**** DATA

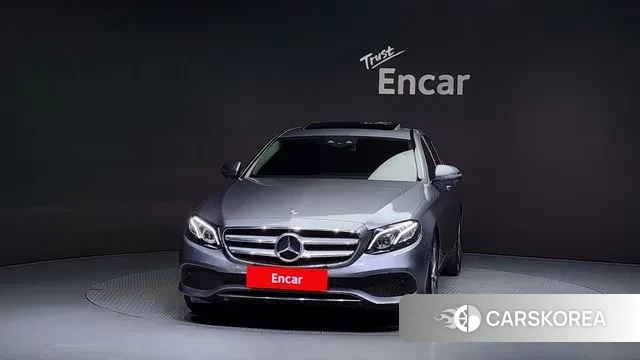 Mercedes-Benz E-Class W213 id 3024451 из Кореи 13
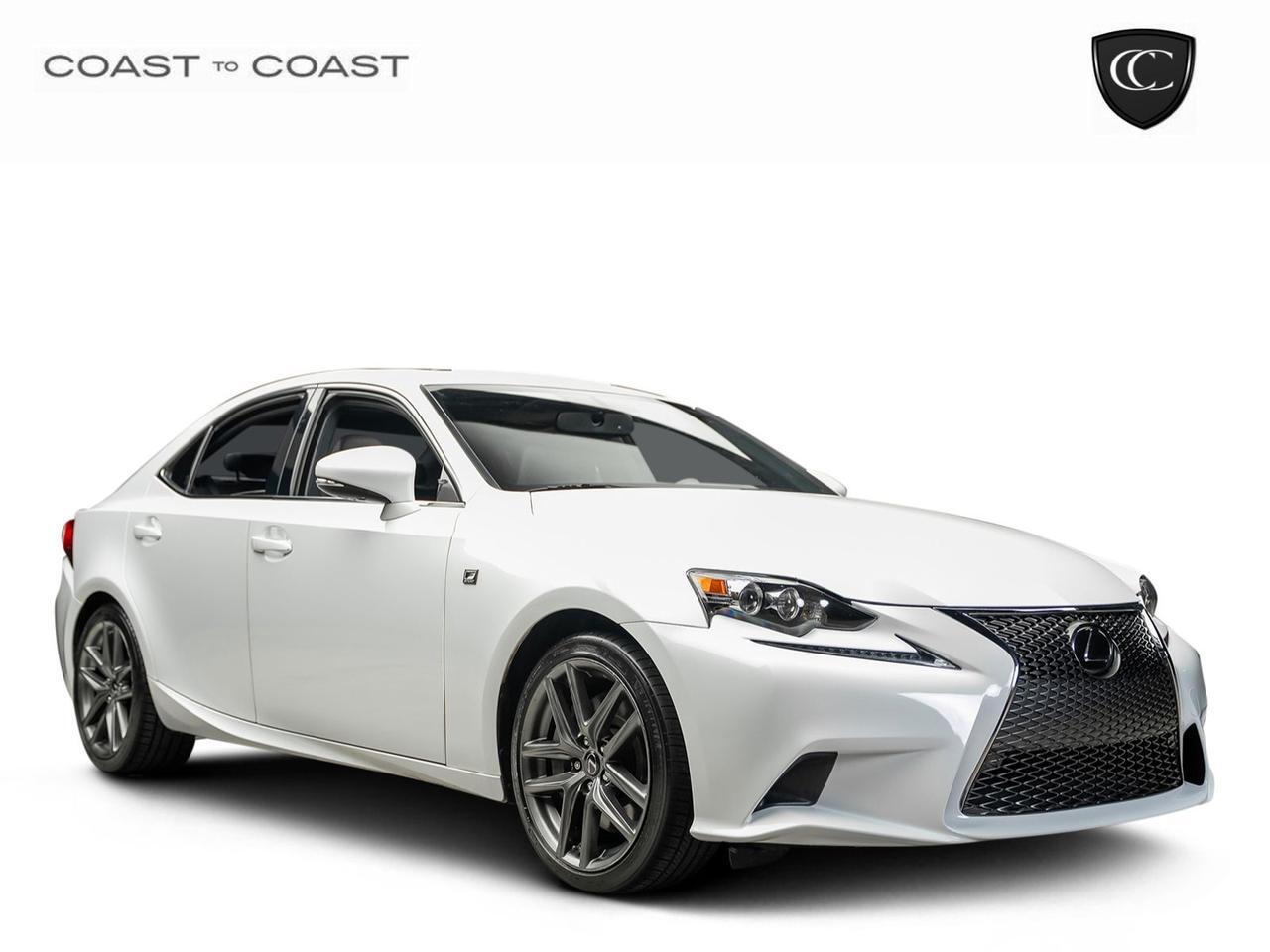 2016 Lexus IS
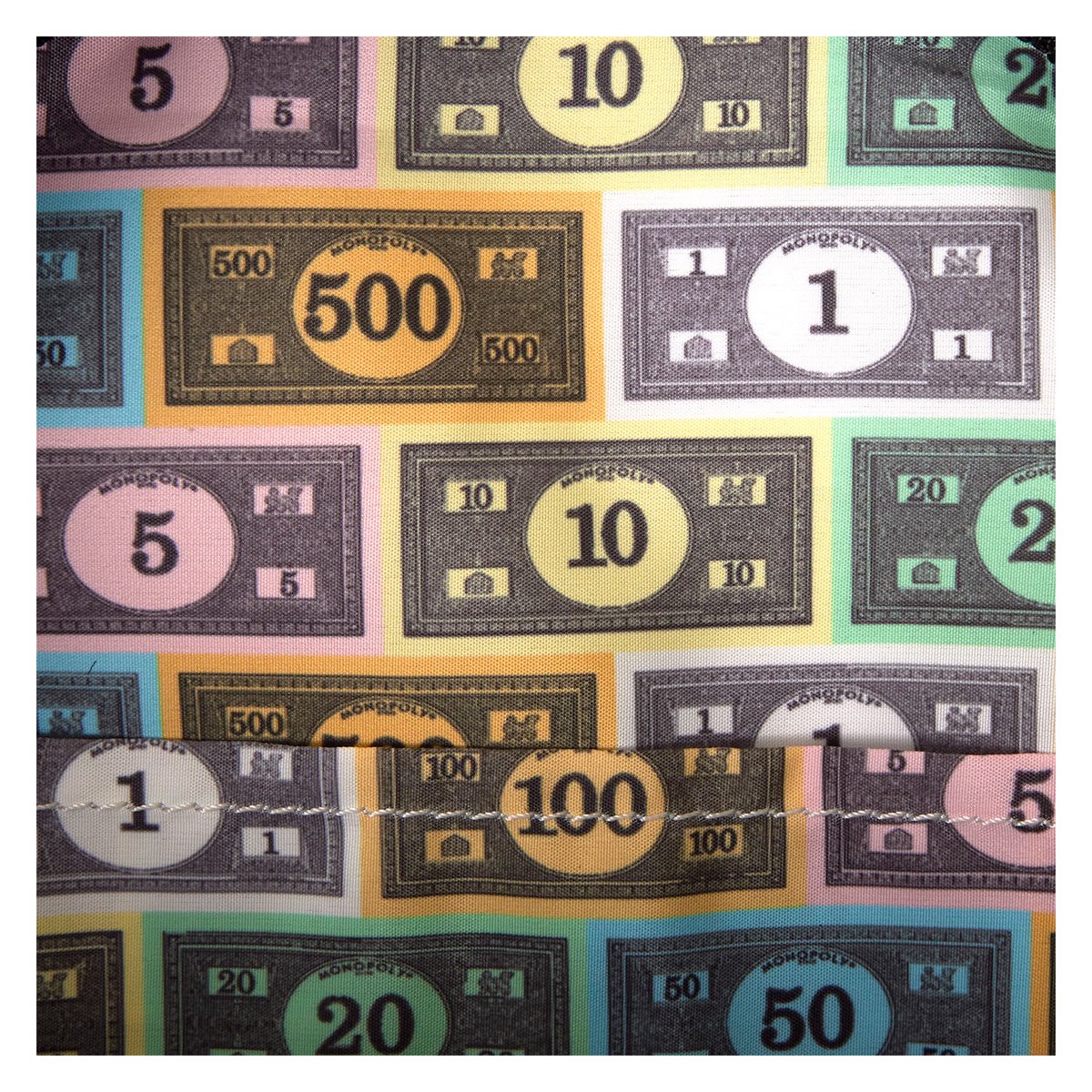 Monopoly Pennybags Mini-Backpack
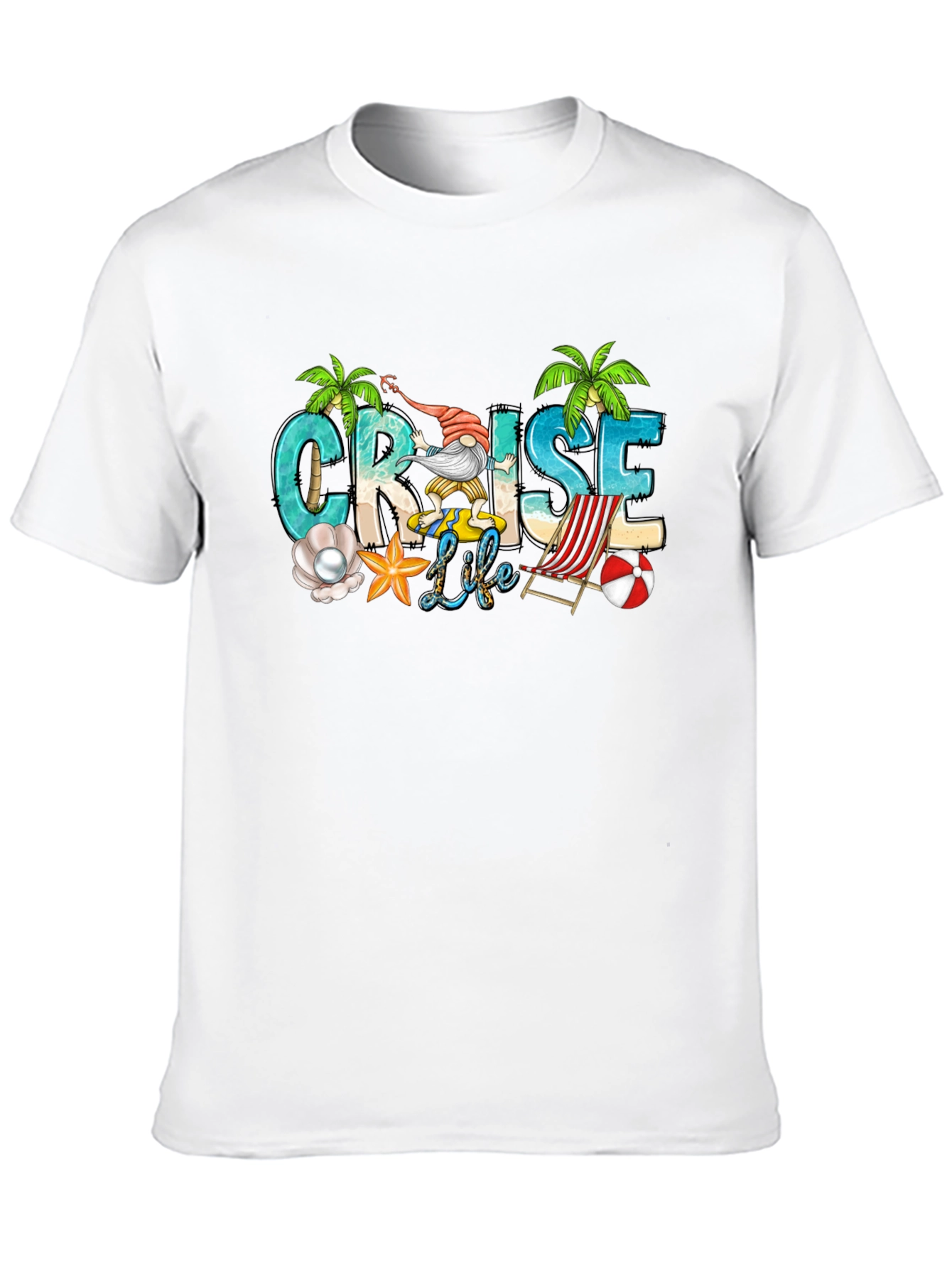 Cruise Life T-Shirt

********

EXERCISE DETAILS
Give back the listing exactly, without a single picture.

EXERCISE RESULT
 Mercedes-Benz E-Class W213 id 3024451 из Кореи 13
 2016 Lexus IS
 Monopoly Pennybags Mini-Backpack
 Cruise Life T-Shirt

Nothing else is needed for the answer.